Wolf v. Prudential Insurance

4 A.2d 897, 62 R.I. 270, 1939 R.I. LEXIS 19
CourtSupreme Court of Rhode Island
DecidedMarch 24, 1939
StatusPublished
Cited by8 cases

This text of 4 A.2d 897 (Wolf v. Prudential Insurance) is published on Counsel Stack Legal Research, covering Supreme Court of Rhode Island primary law. Counsel Stack provides free access to over 12 million legal documents including statutes, case law, regulations, and constitutions.

Bluebook
Wolf v. Prudential Insurance, 4 A.2d 897, 62 R.I. 270, 1939 R.I. LEXIS 19 (R.I. 1939).

Opinion

*271 Capotosto, J.

This is an action in assumpsit to recover disability benefits alleged to be due under two policies of life insurance issued by the defendant. The case was tried before a justice of the superior court sitting with a jury and, at the conclusion of the plaintiff’s evidence, on motion of the defendant, the plaintiff was nonsuited.
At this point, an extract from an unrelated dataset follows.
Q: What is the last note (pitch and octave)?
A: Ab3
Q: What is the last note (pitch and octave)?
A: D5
The case is before us on the plaintiff’s exception to this ruling and on two other exceptions taken during the trial.

The facts in evidence are practically undisputed. The plaintiff was the insured in two twenty-year life endowment *272 policies of the defendant company; one, for $1500, dated January 18,1930; and the other, for $2000, dated December 11,1930. Each policy provides for the payment of total and permanent disability benefits. The contract of the parties respecting these benefits is clearly set forth in each policy. Excluding minor variations that are not pertinent in this case, the controlling provisions of that contract are the same in each instance. Hereafter, for convenience, the term “policy” and “contract” will include both policies and both contracts for disability benefits.
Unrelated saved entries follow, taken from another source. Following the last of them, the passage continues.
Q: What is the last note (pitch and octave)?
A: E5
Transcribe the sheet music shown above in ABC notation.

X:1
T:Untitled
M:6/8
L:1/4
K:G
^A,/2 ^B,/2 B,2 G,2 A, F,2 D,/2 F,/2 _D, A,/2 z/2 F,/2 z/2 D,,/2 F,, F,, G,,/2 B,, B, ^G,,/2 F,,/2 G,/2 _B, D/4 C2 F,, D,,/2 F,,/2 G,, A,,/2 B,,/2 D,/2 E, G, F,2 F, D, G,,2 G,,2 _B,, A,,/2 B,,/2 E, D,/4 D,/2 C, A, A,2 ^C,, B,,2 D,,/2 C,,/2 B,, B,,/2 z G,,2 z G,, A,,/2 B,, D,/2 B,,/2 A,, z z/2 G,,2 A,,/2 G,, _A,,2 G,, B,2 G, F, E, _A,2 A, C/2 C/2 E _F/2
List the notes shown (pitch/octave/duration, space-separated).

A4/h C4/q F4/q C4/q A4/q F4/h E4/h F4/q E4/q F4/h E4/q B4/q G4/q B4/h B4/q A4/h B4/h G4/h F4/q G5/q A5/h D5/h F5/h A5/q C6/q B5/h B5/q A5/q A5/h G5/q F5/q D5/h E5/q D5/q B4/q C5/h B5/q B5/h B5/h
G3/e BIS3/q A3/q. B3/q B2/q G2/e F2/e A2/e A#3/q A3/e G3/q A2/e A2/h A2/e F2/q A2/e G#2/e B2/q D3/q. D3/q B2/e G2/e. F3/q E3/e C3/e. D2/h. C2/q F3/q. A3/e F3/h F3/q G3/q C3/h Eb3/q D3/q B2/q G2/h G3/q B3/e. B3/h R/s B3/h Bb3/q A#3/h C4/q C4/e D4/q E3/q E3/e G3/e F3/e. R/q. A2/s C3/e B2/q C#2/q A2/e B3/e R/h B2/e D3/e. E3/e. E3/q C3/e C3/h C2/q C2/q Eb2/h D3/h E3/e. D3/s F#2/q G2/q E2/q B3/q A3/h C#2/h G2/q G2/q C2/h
Among the provisions in the policy as to the payment of benefits for disability is one which requires that the disability be total and also permanent or deemed to be permanent; and another is one which requires that proof of such disability be submitted to the company during the existence of total disability. The provisions relating to the waiver of premiums or the period during which, under certain conditions, the total disability shall be deemed to be permanent need not be specifically mentioned, as they have no material bearing on the decisive issue in the instant case.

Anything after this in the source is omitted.